In the Spring of 1857, Burr and Nicklin became partners in the grocery business. On the 28th of October following, Nicklin sold out his interest in the firm to his co-partner, Burr, and retired, leaving Burr in the prosecution of the business on his own account. Such the jury found the facts to be, and the evidence tends to justify the finding. While thus prosecuting the business, Burr, at three several times, made additions to the stock by purchases on his own account.
About six weeks after Burr had become the individual owner of the stock in trade, an execution was levied upon the entire amount of it then in his possession, including his individual purchases, in favor of Hugh Hanna, which execution was upon a judgment in favor of Hanna against Burr, for an individual debt of the latter.
The creditors of the firm of Burr and Nicklin then proceeded to obtain judgment against the latter upon their claims; and, having done so, prayed that the property levied on by virtue of the execution in favor of Hanna, should be made subject first to the payment of the partnership debts.
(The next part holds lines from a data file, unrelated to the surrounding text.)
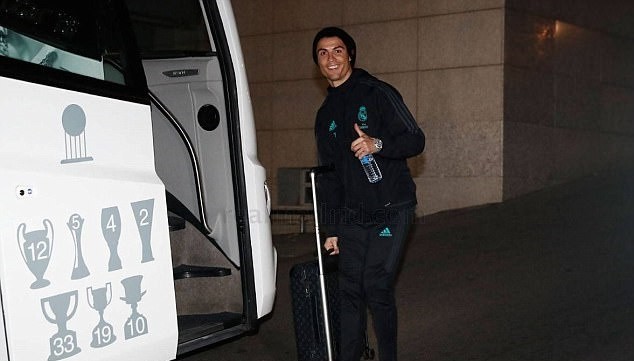 Real Madrid hành quân đến Sevilla - Bóng Đá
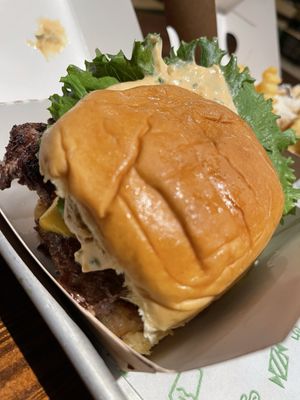 Shake Shack Metairie by null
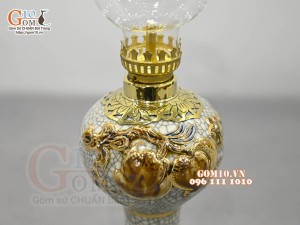 Đôi đèn dầu men rạn đắp đào vẽ vàng 24k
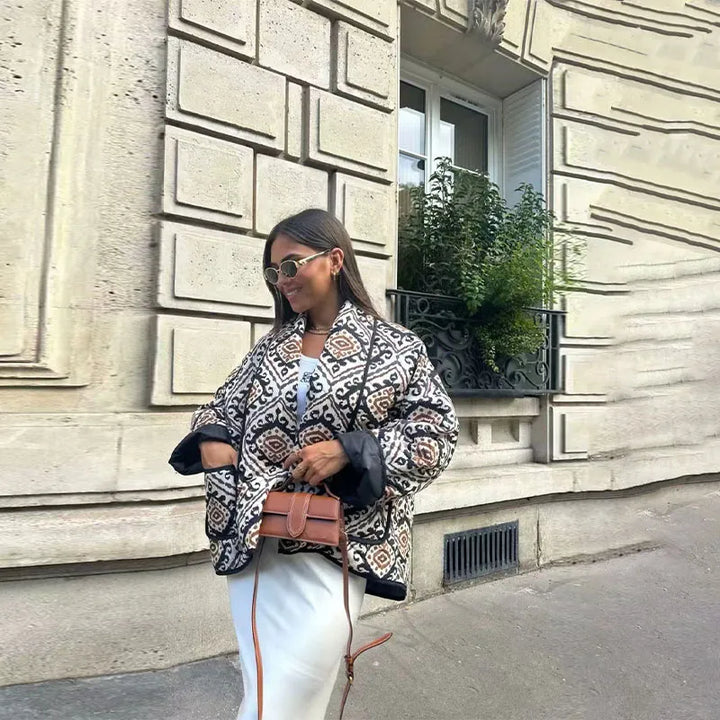 Kort damejakke med mønster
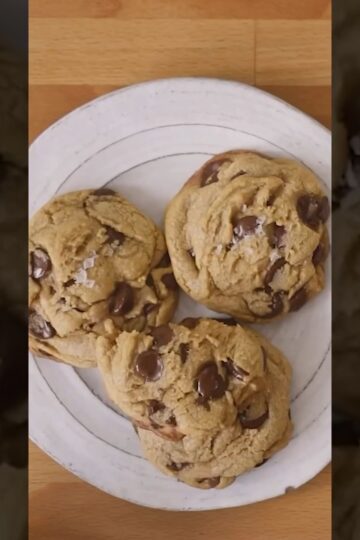 World’s Best Chocolate Chip Cookie Recipe 🍪 (watch full vid!)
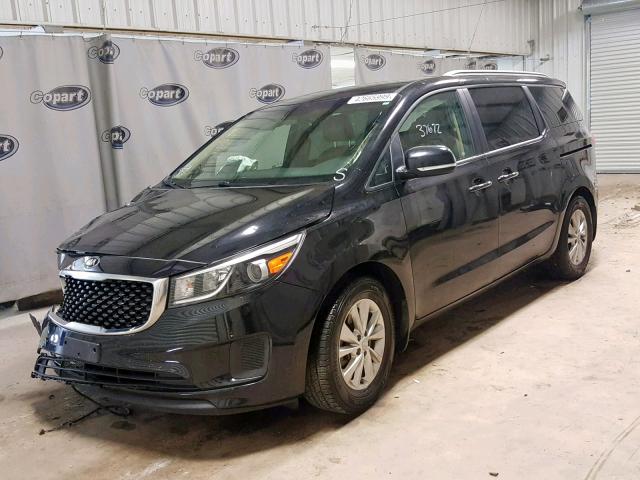 KNDMB5C11H6324158 - 2017 KIA SEDONA LX BLACK photo 2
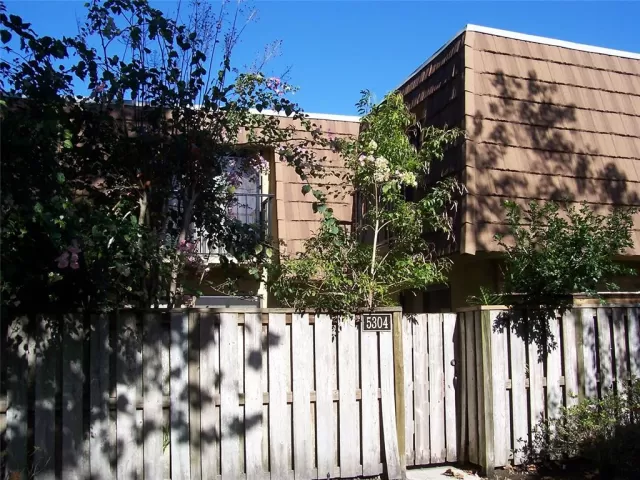 MLS: O6165547 Condo For Sale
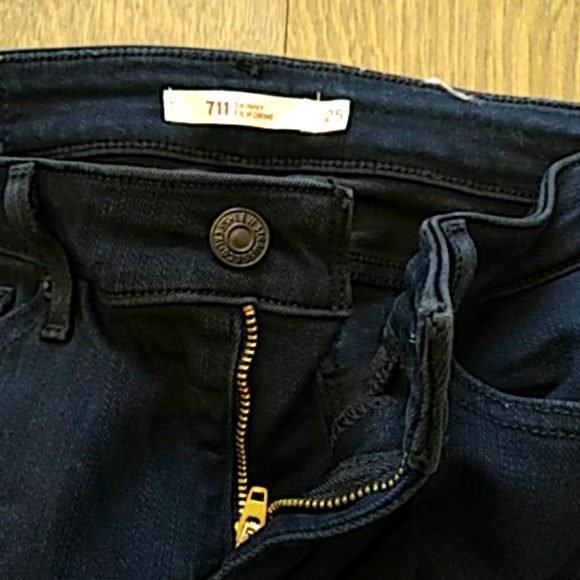 Levis black skinny jeans - Picture 2 of 4
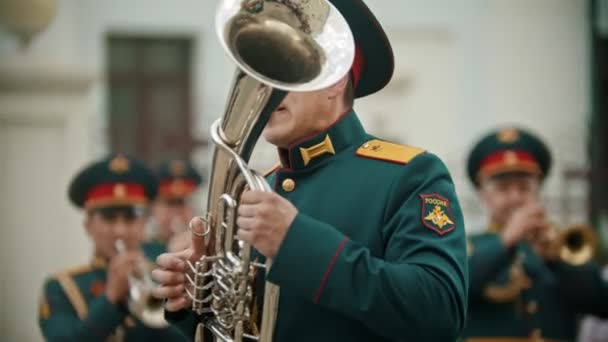 Een blaasinstrument militaire parade-een man spelen muziekinstrument buitenshuis — Stockvideo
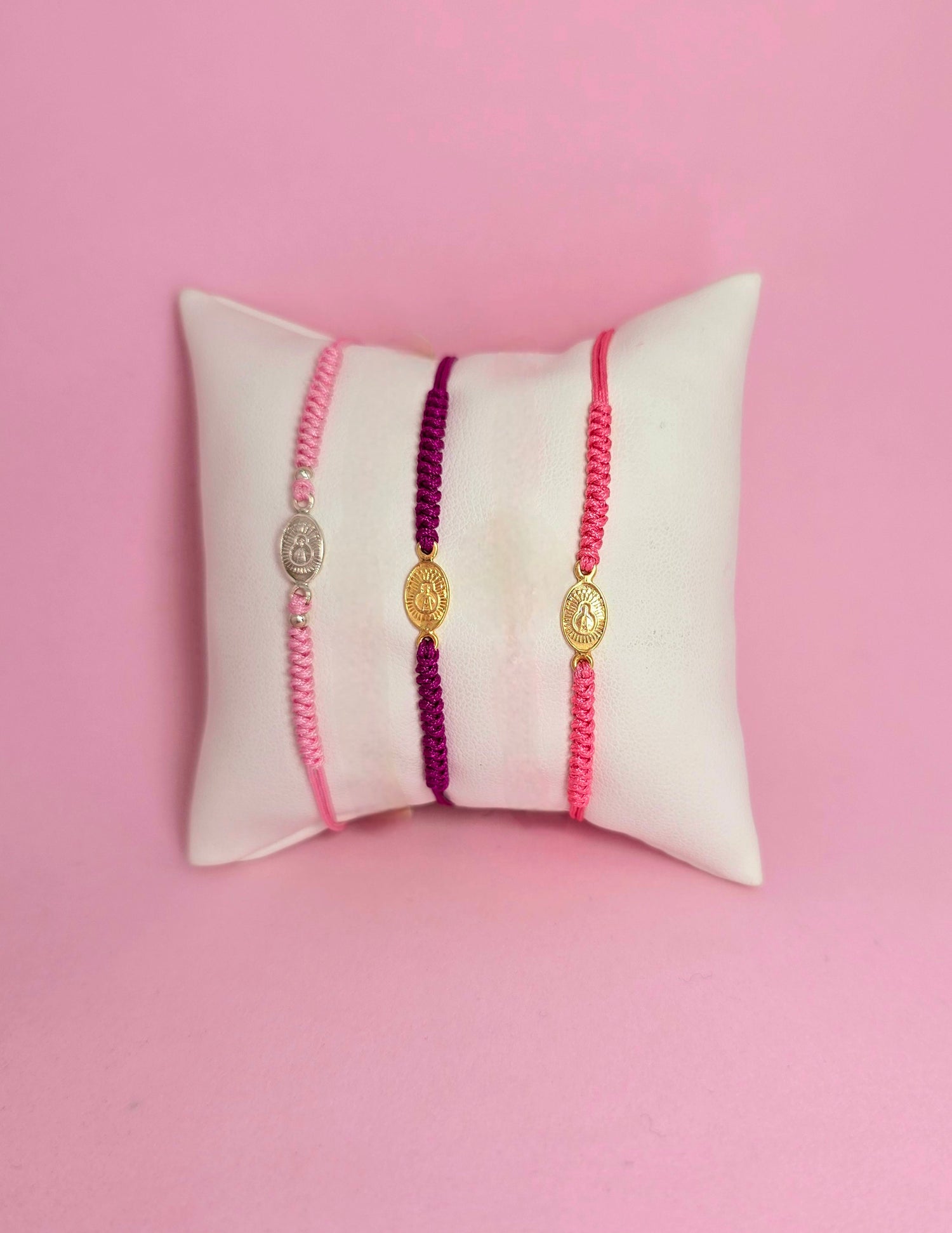 Pulsera Virgencita Mini clasica pink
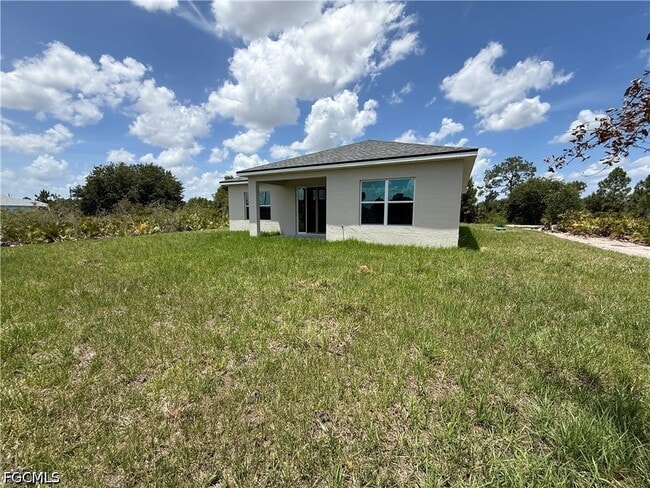 Building Photo - 4626 Ida Ave N
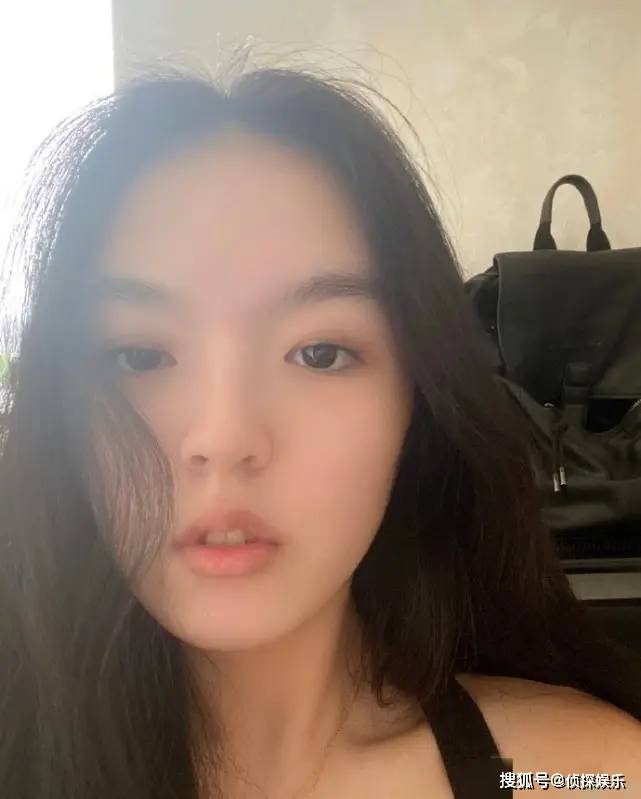 李咏21岁女儿晒近照，穿露腰拆秀马甲线，自信明艳获妈妈哈文称赞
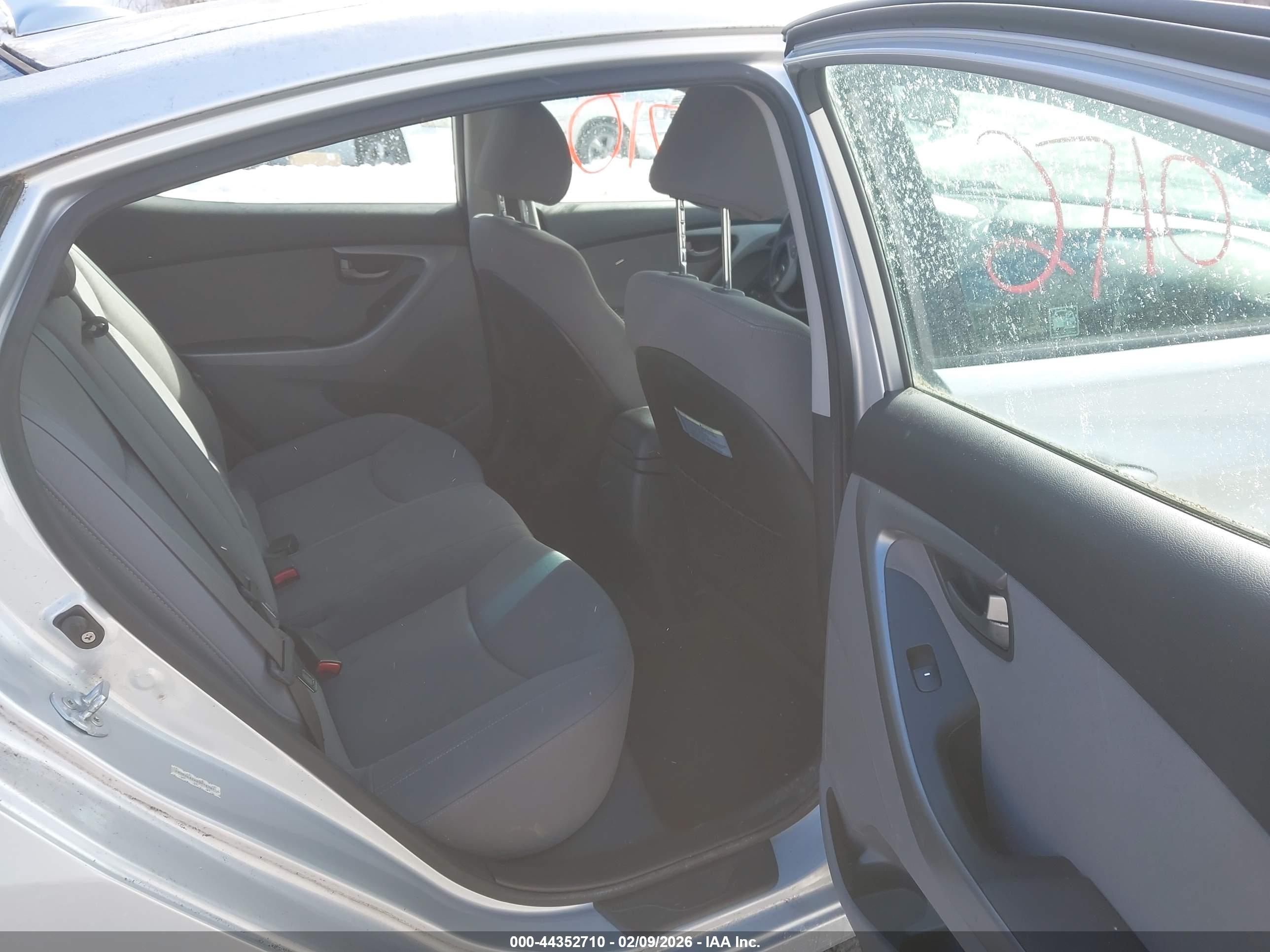 HYUNDAI ELANTRA image 8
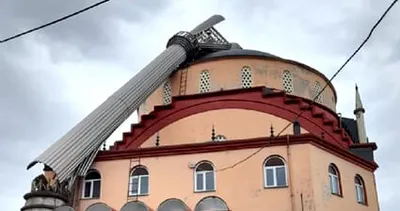Fırtına caminin minaresini devirdi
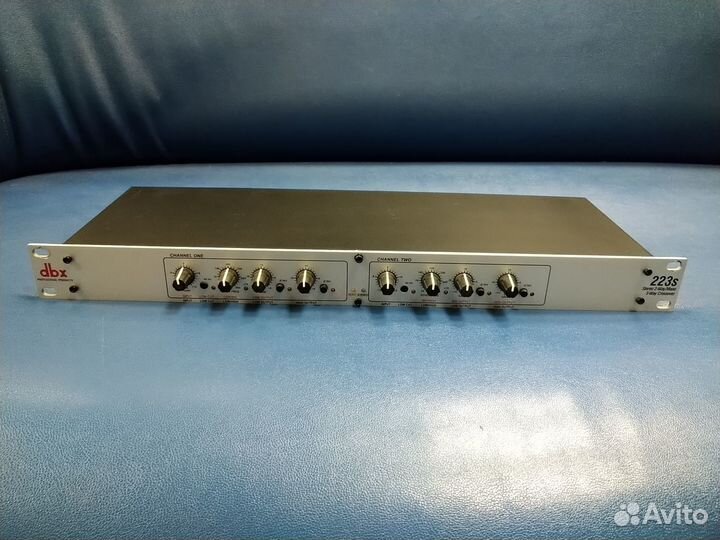 DBX 223S кроссовер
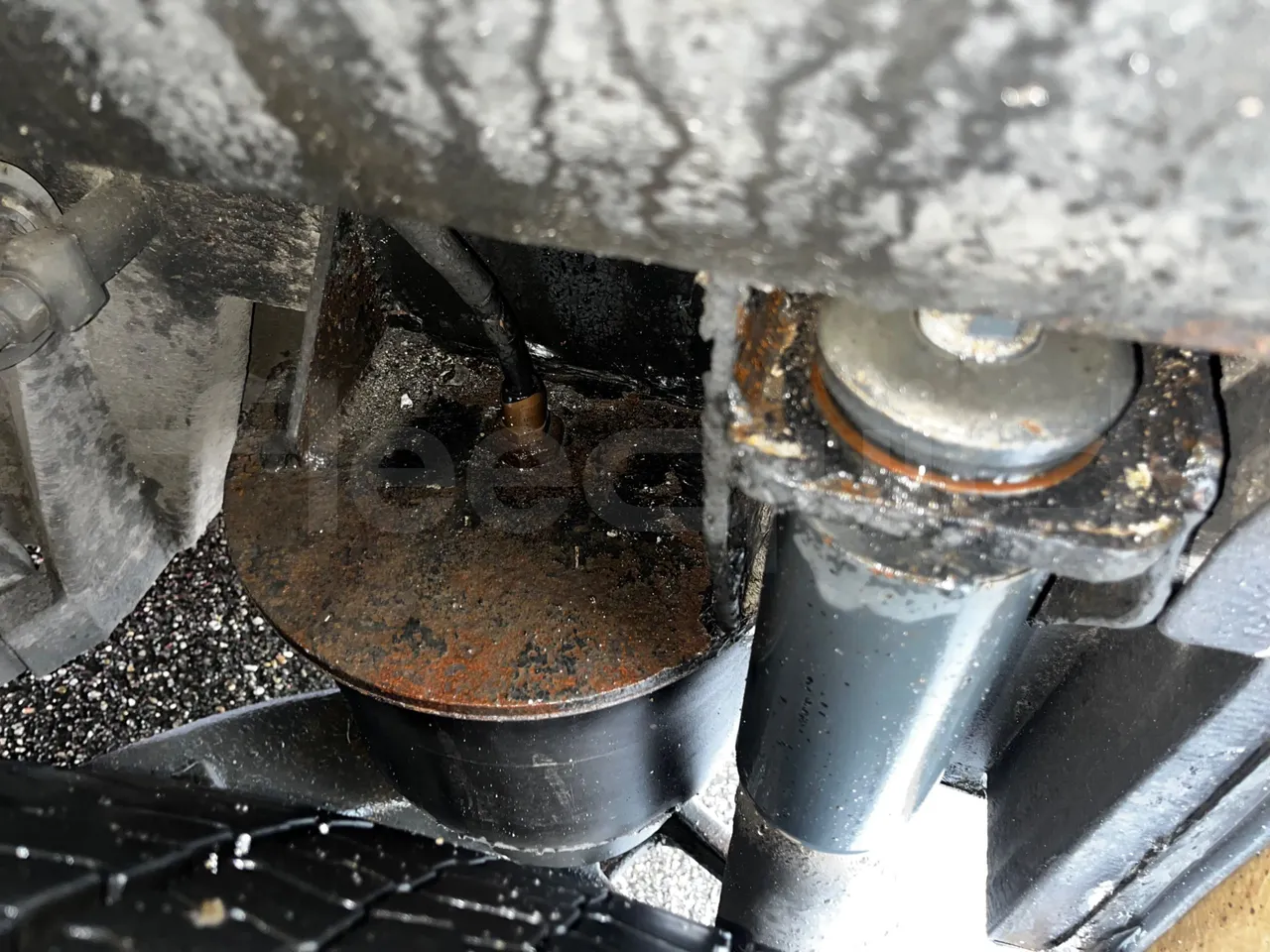 Heuliez GX127 GX 127 - Euro 5 - 194 kW - 10.645 mt - axel 2 air springs 1 left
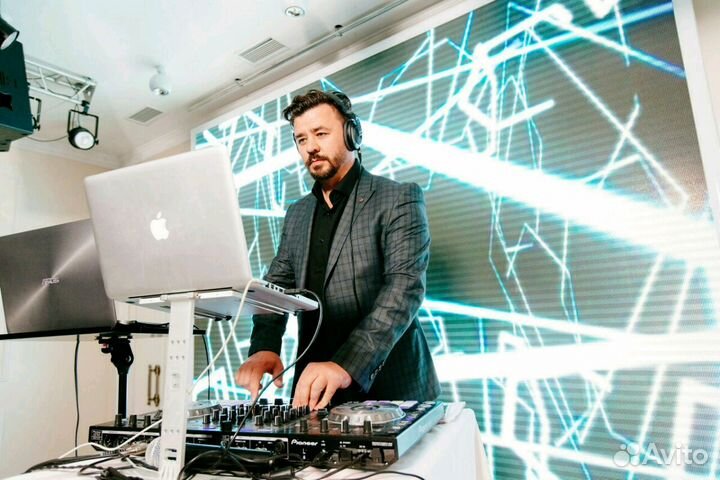 Диджей, dj, звукорежиссер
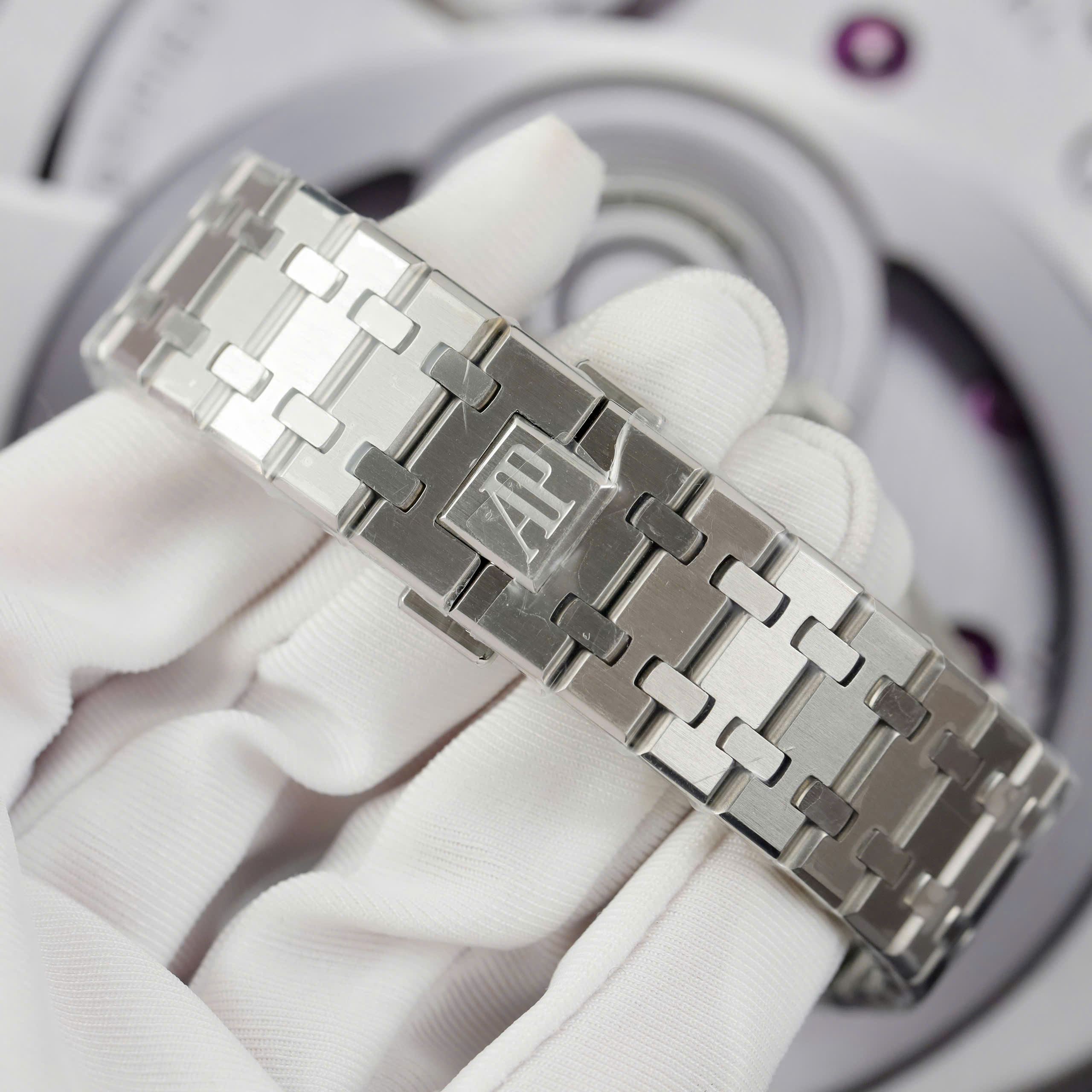 Đồng hồ Audemars Piguet Replica 11 Royal Oak Selfwinding Flying Tourbillon 26730BC mặt xanh lá viền đính đá baguette 41mm (2) Đồng hồ Audemars Piguet Replica 11 Royal Oak Selfwinding Flying Tourbillon 26730BC mặt xanh lá viền đính đá baguette 41mm (2)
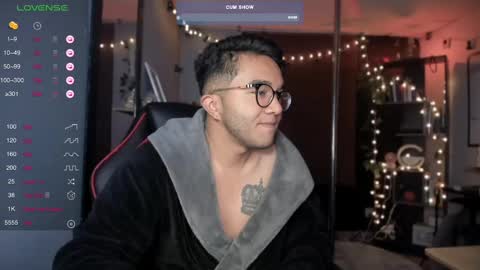 Snapshot of sam_thompson_z chatting on 12.10.24 SAMUEL THOMPSON online show from 12.10.24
They -were defeated below; and that judgment must be affirmed.
“ The rule that partnership assets are to be applied to the payment of partnership debts before the creditors of one of the partners can derive any benefit from them, arises from the equities subsisting between the partners, and not from any preference given to the joint créditors;” “ and, hence, it would seem to follow that if the partnership equity, as between the individual partners, was, from any cause, to cease, the preferred lien of the joint creditors would also expire; and this we find to be the fact, for where one partner, there being two, sells his interest to the other, the lien of the joint creditors is gone.” Williams on Personal Prop., 2d Am. *272ed., p. 336, in note; Story on Partnership, sec. 358 et seq. See Frank v. Peters, 9 Ind. 343; McTaggart v. Rose, 14 id. 230.
W. Z. Stewart, 0. Blake and John W. Washburne, for the appellants. D. D. Pratt, _D. P. Baldwin and J. D. Conner, for the appellees. Per Curiam.The judgment is affirmed, with costs.